I jutted my chin in the air. “It would be inappropriate, that’s all.”
“Aye, sure.” He disappeared back into the dressing room and returned wearing a T-shirt, holding another in his hand. He tossed it to me. “Put that on.”
“You don’t seriously want me to go out there with you?”
“I seriously do. Now.”
“Why?”
“Because I have to go out there and make perfectly clear what I already thought I’d made perfectly clear, and that is that I don’t forgive Laine for what she did. I don’t want her in my life.”
I studied him thoughtfully. I too would never forgive Laine. However, I also hadn’t known Laine that long. She and Aidan had been friends since they were schoolchildren.

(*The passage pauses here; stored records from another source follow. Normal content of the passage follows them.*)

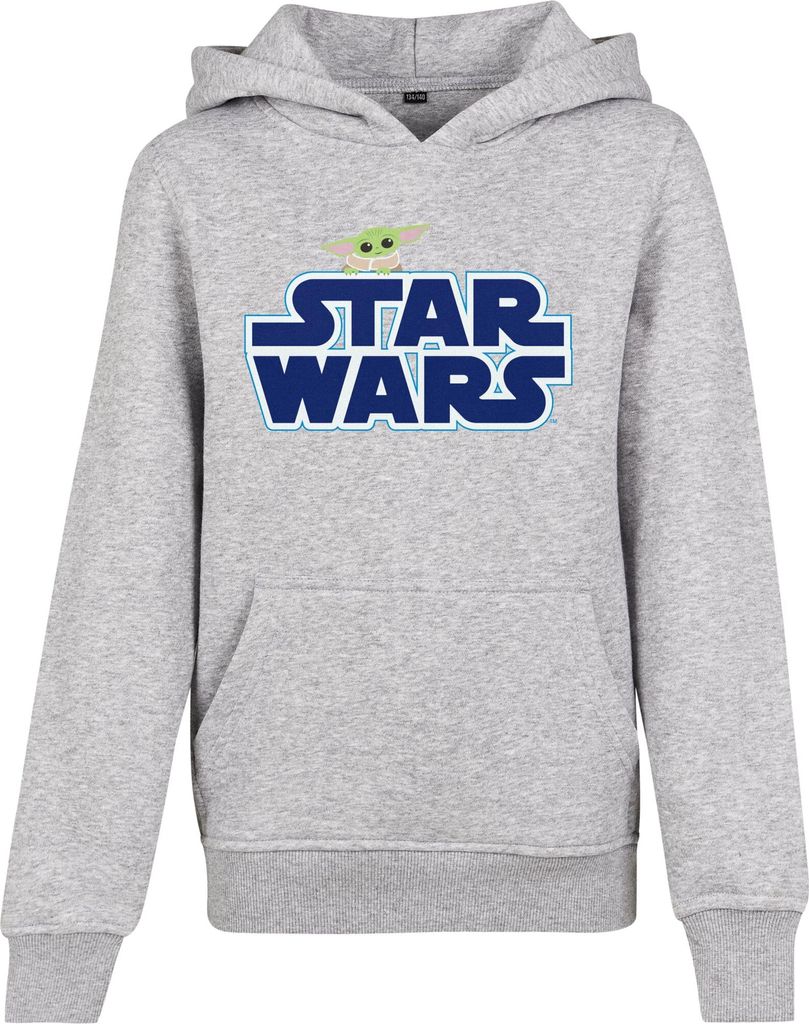 Kids Star Wars Blue Logo Hoody heather grey 134/140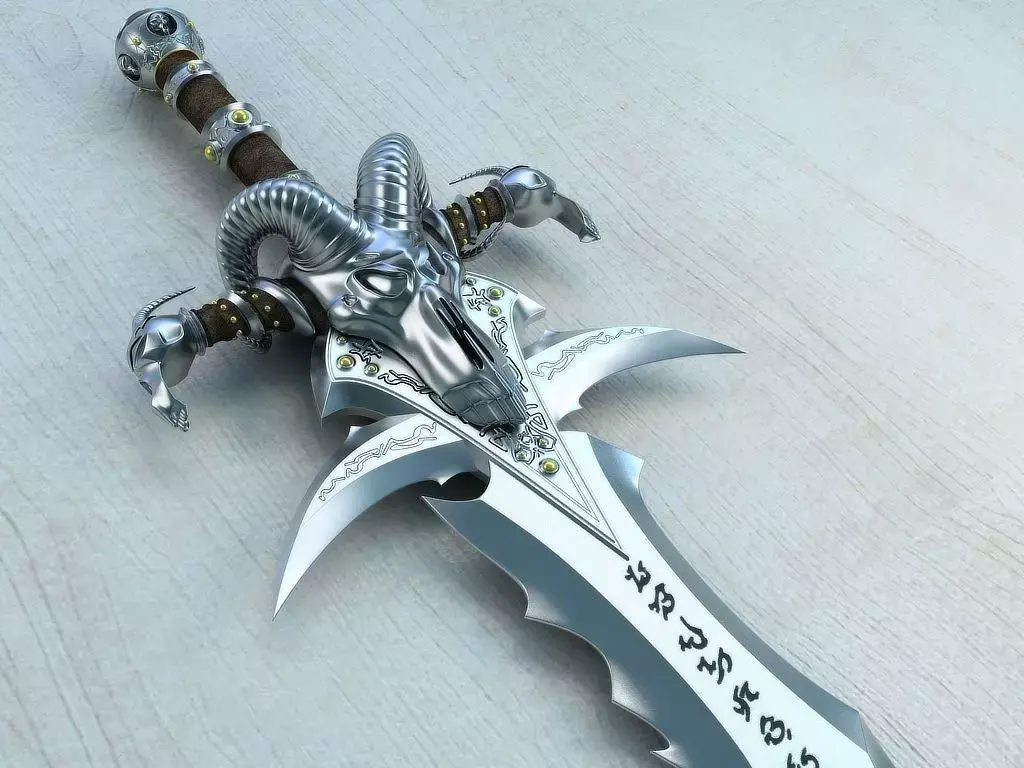 Frostmourne The sword of Arthas  3D model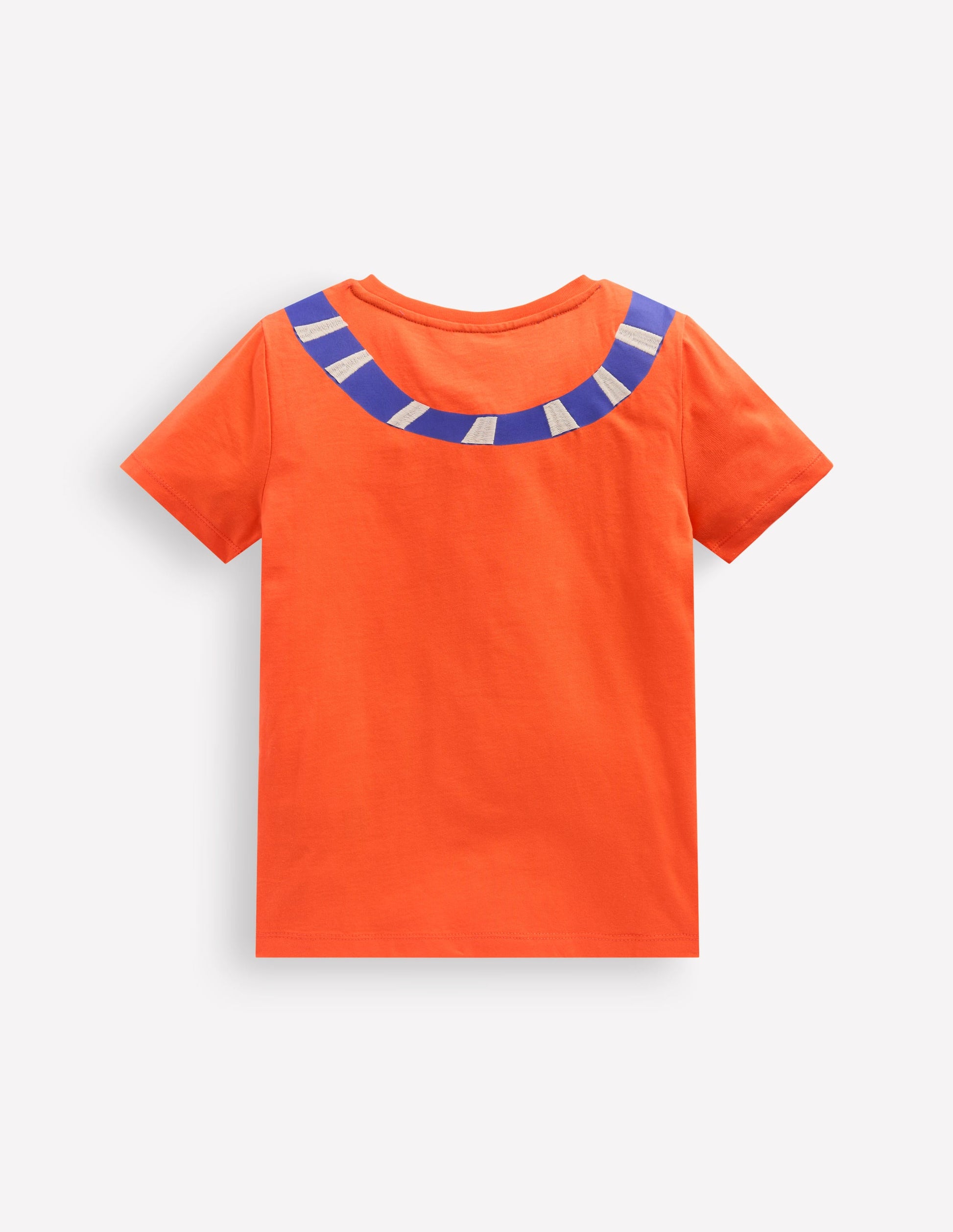 Fun Graphic T-shirt-Vermillion Orange Limur-3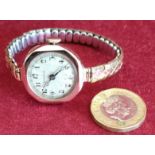 9ct GOLD ROLCO WRISTWATCH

My worry was that his decision to withhold forgiveness was based on what he thought I wanted.
“Don’t throw her out of your life for me, Aidan. Especially when I can’t offer anything …” I said. He knew what I was trying to say.
Taking a step closer to me, I saw the slash of pain across his features and heard it in his words. “Laine took away the one thing holding my world together when Cal took Sylvie. She did it selfishly and without thought, excusing her actions under the guise of caring for me too much.” He shook his head, and I saw the anger alongside the pain. “The only person Laine cared about in that moment of deception was herself. And now I finally have you, and I don’t actually have you, do I, Nora? As far as you’re concerned, you’re already a ghost in my bed. I’m so fucked in the head over you, I’m willing to be haunted.”
He gestured behind him to the door. “But I can’t even be haunted in peace without her interrupting us. She has a fucking key to my apartment. I want it back.”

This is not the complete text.